-------- SOURCE DATA

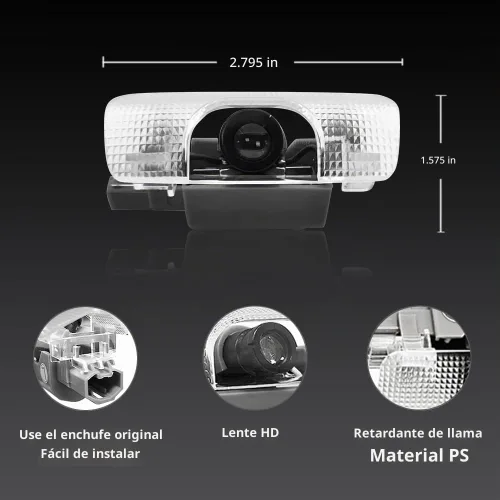 Vista 3 de 2 PCS Luces LED con Logo para Puerta de Auto Compatibles con 4Runner 2010-presente Proyector de Cortesía Luz de Bienvenida Láser Lámpara de Charco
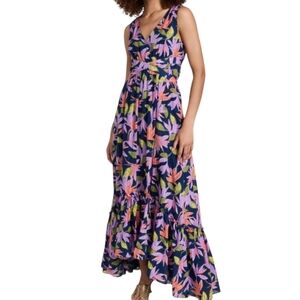 Ramy Brook Miles Floral Sleeveless Maxi Dress - Multicolor.... Size 6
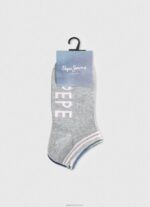 ⁦נשים 4N8XB555 Pepe Jeans ורוד חיוור גרבי sandi 3 חבילות⁩ – תמונה ⁦3⁩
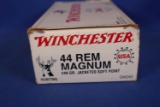 Ammo, 44 Rem Mag. 50 Rounds Total.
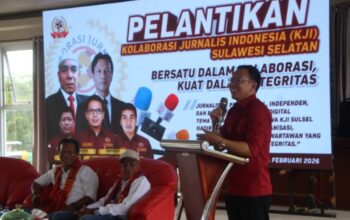 KJI Sulsel Resmi Dilantik di Sidrap, Edy Basri Diberi Target Bentuk 24 Pengurus Daerah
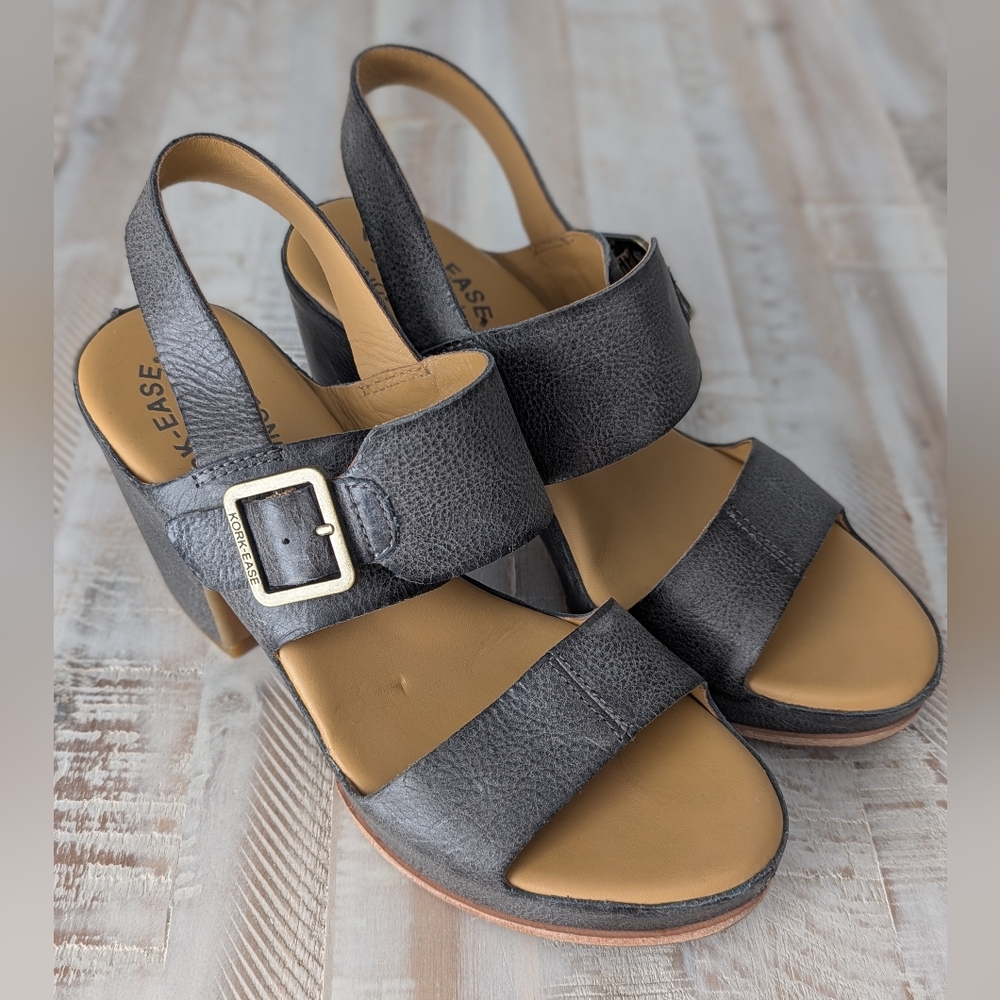 KORK-EASE San Carlos Platform Sandals, Size 8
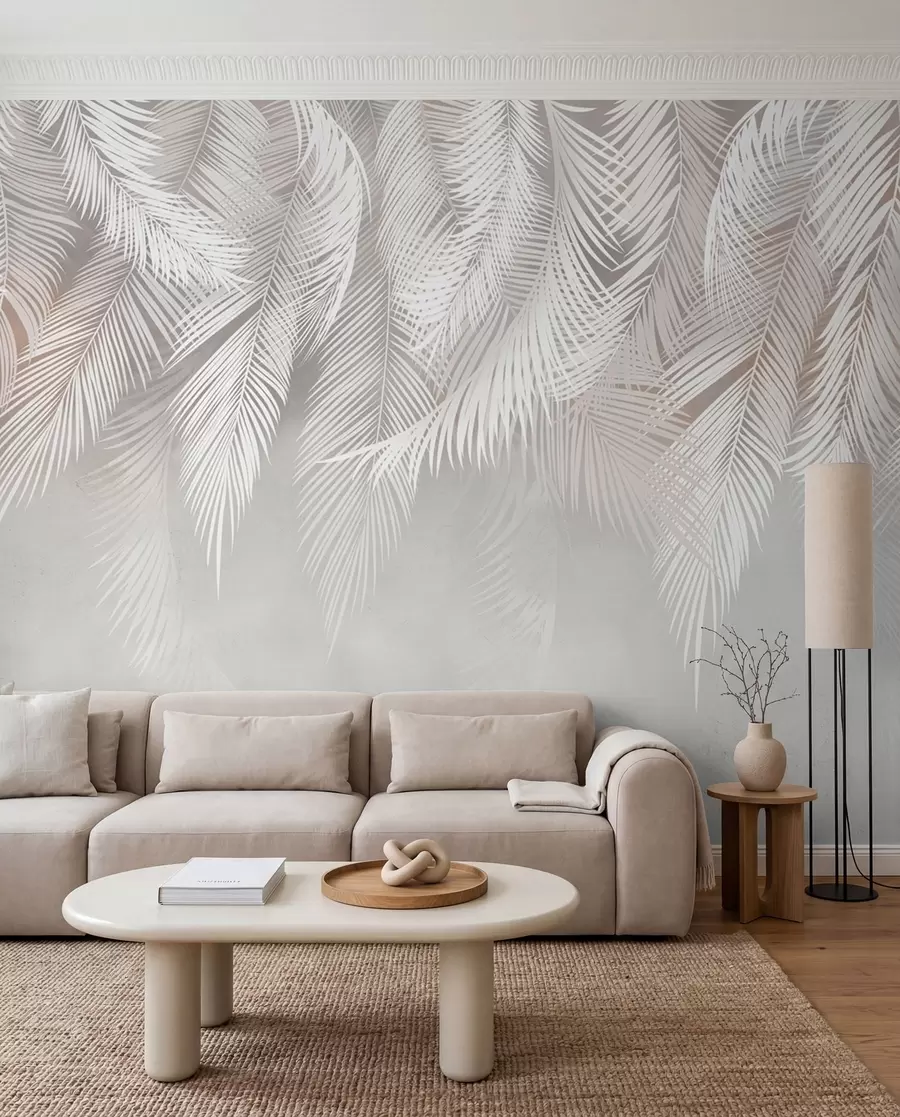 wall murals Hanging leaves u53114d2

----------------

* [YOUR INSTRUCTIONS]:
From the line holding "Ramy Brook Miles" down to the final line of the entries above, print every line exactly. Pictures do not go in.

* [EXERCISE ANSWER]:
 Ramy Brook Miles Floral Sleeveless Maxi Dress - Multicolor.... Size 6
 ⁦נשים 4N8XB555 Pepe Jeans ורוד חיוור גרבי sandi 3 חבילות⁩ – תמונה ⁦3⁩
 Ammo, 44 Rem Mag. 50 Rounds Total.
 KJI Sulsel Resmi Dilantik di Sidrap, Edy Basri Diberi Target Bentuk 24 Pengurus Daerah
 KORK-EASE San Carlos Platform Sandals, Size 8
 wall murals Hanging leaves u53114d2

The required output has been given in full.